§ **EXERCISE OBJECTIVE**
Print the lines below exactly, beginning with the one that contains "chrome 3 tier" and stopping after the last line.

§ **THE DATA**
• • •

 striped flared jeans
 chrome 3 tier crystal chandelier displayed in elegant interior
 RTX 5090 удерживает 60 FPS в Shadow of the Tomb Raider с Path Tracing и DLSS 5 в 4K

• • •

§ **ANSWER FOR THE TASK**
 chrome 3 tier crystal chandelier displayed in elegant interior
 RTX 5090 удерживает 60 FPS в Shadow of the Tomb Raider с Path Tracing и DLSS 5 в 4K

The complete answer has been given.